ASSIGNED TASK — With the line that contains "Gourde-brumisateur-blanc" as the final line, return every line from the start of the data below exactly.

◆ ◆ ◆ ◆ ◆ ◆ ◆

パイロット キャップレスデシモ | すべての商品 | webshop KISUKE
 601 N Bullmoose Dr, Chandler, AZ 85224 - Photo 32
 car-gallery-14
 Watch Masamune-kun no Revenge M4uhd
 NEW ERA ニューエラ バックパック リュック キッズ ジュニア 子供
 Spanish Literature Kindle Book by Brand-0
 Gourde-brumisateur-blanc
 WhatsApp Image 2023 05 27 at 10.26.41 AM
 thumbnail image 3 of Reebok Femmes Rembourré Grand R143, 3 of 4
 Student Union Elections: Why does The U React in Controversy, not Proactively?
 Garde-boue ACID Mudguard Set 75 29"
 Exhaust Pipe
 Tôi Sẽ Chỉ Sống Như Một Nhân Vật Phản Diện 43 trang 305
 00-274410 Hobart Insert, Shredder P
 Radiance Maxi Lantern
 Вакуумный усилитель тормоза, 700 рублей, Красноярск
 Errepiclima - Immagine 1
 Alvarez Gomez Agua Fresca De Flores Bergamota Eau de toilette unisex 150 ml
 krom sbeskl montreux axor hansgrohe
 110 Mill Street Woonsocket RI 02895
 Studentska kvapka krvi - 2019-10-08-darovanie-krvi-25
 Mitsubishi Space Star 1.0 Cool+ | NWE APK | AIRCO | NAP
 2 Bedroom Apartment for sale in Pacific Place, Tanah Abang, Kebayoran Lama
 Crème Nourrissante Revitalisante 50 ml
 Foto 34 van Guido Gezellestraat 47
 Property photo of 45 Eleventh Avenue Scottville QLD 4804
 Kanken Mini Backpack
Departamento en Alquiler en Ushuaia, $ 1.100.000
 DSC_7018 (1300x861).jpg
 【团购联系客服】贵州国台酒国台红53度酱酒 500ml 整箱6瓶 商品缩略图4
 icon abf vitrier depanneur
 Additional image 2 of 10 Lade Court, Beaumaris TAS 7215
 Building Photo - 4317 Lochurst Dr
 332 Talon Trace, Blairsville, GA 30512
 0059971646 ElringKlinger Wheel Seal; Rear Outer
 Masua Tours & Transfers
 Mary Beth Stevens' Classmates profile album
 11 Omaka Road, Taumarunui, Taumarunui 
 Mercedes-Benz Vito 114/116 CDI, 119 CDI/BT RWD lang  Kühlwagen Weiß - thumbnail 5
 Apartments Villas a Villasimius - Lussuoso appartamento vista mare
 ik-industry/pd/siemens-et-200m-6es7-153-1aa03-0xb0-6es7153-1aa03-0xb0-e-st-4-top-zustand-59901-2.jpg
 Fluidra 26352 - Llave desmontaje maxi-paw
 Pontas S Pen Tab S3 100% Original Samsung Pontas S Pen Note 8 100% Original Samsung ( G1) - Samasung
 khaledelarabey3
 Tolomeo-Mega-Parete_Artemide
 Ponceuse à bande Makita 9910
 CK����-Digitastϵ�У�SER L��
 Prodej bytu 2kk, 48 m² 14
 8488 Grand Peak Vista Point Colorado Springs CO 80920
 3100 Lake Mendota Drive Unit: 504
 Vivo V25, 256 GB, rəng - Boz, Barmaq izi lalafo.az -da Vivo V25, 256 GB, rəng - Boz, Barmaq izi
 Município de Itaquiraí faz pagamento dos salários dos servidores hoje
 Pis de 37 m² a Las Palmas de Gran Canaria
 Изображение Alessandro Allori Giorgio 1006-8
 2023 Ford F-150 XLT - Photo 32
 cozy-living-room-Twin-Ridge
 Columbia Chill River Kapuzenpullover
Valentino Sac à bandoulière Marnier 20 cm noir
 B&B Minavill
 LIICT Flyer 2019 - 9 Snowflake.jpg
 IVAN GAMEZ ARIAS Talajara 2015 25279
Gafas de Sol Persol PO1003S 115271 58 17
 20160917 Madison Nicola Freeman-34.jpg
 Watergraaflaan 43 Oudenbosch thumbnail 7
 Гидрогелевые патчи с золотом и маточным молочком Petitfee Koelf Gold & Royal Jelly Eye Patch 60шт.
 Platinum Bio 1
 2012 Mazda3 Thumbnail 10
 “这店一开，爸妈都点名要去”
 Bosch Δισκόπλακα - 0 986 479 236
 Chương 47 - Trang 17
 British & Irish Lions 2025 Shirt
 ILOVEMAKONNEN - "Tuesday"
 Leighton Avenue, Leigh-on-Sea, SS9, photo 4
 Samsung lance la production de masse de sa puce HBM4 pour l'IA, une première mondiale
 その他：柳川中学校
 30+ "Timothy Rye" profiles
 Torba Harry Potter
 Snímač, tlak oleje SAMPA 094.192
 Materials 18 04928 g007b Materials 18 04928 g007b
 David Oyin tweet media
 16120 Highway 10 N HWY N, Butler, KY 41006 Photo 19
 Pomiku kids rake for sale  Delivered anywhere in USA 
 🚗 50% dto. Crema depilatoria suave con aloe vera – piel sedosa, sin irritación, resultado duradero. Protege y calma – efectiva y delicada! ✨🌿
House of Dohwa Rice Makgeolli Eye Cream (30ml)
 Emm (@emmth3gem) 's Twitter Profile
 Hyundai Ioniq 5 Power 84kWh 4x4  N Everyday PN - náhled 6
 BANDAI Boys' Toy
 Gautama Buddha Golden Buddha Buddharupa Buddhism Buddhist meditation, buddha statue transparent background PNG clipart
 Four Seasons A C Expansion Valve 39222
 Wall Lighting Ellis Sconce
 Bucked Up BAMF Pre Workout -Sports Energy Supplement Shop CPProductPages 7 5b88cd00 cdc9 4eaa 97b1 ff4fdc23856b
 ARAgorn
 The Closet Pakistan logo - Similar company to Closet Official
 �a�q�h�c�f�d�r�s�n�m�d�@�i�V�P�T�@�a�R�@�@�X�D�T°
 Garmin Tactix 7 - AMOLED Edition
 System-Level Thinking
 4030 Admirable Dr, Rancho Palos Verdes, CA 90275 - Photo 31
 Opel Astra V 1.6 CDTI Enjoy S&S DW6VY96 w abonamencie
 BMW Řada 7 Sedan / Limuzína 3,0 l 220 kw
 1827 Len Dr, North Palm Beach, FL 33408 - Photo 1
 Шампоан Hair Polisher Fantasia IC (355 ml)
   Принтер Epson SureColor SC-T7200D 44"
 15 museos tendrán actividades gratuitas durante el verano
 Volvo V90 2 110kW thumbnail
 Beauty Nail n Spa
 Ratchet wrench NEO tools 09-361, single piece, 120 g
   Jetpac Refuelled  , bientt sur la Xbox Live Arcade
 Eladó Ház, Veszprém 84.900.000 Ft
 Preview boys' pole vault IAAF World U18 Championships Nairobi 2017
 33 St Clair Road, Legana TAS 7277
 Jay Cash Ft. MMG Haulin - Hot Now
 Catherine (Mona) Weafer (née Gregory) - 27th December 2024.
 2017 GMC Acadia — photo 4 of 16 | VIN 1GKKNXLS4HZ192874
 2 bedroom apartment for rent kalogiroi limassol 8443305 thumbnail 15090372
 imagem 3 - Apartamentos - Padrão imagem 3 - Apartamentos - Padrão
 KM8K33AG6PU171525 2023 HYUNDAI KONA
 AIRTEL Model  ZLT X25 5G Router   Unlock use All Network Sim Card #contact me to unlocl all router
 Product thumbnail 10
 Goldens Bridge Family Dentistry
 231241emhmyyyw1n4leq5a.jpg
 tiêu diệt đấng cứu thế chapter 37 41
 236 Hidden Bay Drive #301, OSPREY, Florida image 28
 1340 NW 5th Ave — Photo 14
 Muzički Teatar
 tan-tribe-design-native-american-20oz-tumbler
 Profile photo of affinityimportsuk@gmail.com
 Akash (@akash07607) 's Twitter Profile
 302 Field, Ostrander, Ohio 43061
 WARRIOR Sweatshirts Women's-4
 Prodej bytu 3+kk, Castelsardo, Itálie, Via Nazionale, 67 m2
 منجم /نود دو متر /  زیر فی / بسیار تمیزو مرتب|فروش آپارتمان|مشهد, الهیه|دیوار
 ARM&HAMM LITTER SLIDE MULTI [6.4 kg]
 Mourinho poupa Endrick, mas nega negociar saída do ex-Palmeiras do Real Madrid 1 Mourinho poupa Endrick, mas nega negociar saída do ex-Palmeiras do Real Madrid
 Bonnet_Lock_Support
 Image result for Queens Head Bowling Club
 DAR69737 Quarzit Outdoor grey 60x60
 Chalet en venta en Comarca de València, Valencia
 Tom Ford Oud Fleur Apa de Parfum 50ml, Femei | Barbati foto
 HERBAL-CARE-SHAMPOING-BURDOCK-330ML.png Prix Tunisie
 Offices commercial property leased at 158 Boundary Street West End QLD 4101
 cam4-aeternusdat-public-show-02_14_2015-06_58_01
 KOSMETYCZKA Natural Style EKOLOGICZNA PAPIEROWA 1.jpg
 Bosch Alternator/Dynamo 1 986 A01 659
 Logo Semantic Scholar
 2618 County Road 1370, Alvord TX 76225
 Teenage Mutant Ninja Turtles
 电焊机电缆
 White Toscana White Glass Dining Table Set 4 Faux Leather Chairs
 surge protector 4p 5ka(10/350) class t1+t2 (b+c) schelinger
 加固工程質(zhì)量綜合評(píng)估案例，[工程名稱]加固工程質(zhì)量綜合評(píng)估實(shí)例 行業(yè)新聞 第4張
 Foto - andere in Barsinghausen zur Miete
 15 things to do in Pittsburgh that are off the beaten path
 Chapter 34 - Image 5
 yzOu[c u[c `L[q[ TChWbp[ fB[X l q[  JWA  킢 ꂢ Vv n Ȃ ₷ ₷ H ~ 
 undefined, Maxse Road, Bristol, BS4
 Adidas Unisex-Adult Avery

◆ ◆ ◆ ◆ ◆ ◆ ◆

FINISHED TASK —
パイロット キャップレスデシモ | すべての商品 | webshop KISUKE
 601 N Bullmoose Dr, Chandler, AZ 85224 - Photo 32
 car-gallery-14
 Watch Masamune-kun no Revenge M4uhd
 NEW ERA ニューエラ バックパック リュック キッズ ジュニア 子供
 Spanish Literature Kindle Book by Brand-0
 Gourde-brumisateur-blanc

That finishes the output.